The World Inside - 2010
A window in a wall between two spaces allows us to look from one space into the other. Looking in, we are often looking from a public space into a more private one. Looking out, we are more often in the private space viewing the more public space beyond. Of course, there are times that relationship is more ambiguous, or even reversed. As a visual metaphor, an open window between two places can also suggest different perceptions of reality layered upon each other and the possibility of movement or exchange between them. The two images here are examples of windows that explore these themes.
Second Story Light - 2010
You make a very interesting point Don. Seems it’s permissible to look out a window. But looking in has the earmarks of peeping tom-ism.
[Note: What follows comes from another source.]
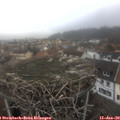 14_10-nest.jpg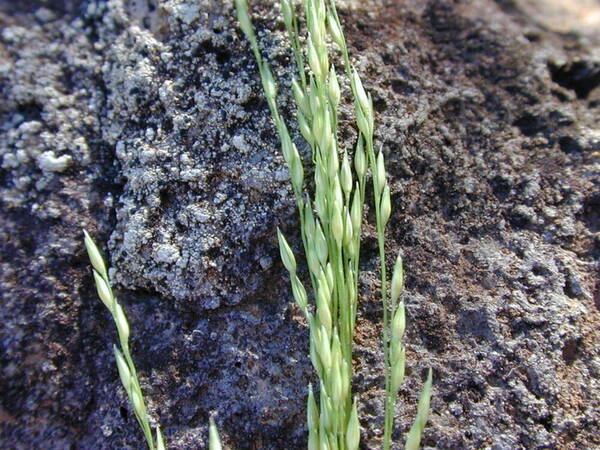 Panicum xerophilum Spikelets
You’ve also explored fully your great use of color and limited color.
May this be the year for you of open doors and windows alike.
Thanks, Bonnie, for your kind comment and good wishes. More open doors is always a good thing!
Love your windows and your wonderful colors. I always look in people’s windows when I’m walking around the neighborhood. But I think my neighborhood lends itself to that. Like Bonnie says, it would be more peeping tom-ism if I lived in suburbia and had to walk down long driveways to look in windows.
I always love seeing your photos. Happy 2011.
I’m enjoying that the two images, one with high color and the second with a predominantly gray tone, each evoke an invitation in and a block from without.
Really well done.
Happiest of New Years! Wishing relationships for of interesting juxtapositions without ambiguity…unless you seek such!
Carol, a happy 2011 to you, too. I think there must be something universal about peeking in windows, even my mother used to walk the neighborhood at dusk for just that purpose. Thanks so much!
Thank you, Melinda. I enjoyed the contrast between these two images of siilar subjects. It has been a busy time , and we are looking forward to a great new year. All the best and some fabulous times in the studio to you!
I remember walking around Amsterdam with some Amsterdamians. I asked why people kept their curtains open at night, and the answer was, “so people walking by can see the stucco-ish artwork of the apartment ceilings”.
People on the first/bottom floors must have not had good ceilings … because their curtains were usually closed.
As always, planetross, I have to chuckle at your comment. Perhaps the problem with the bottom floors was that instead of ceilings, people walking by would be looking at the walls, which were not so special? Thanks for stopping by!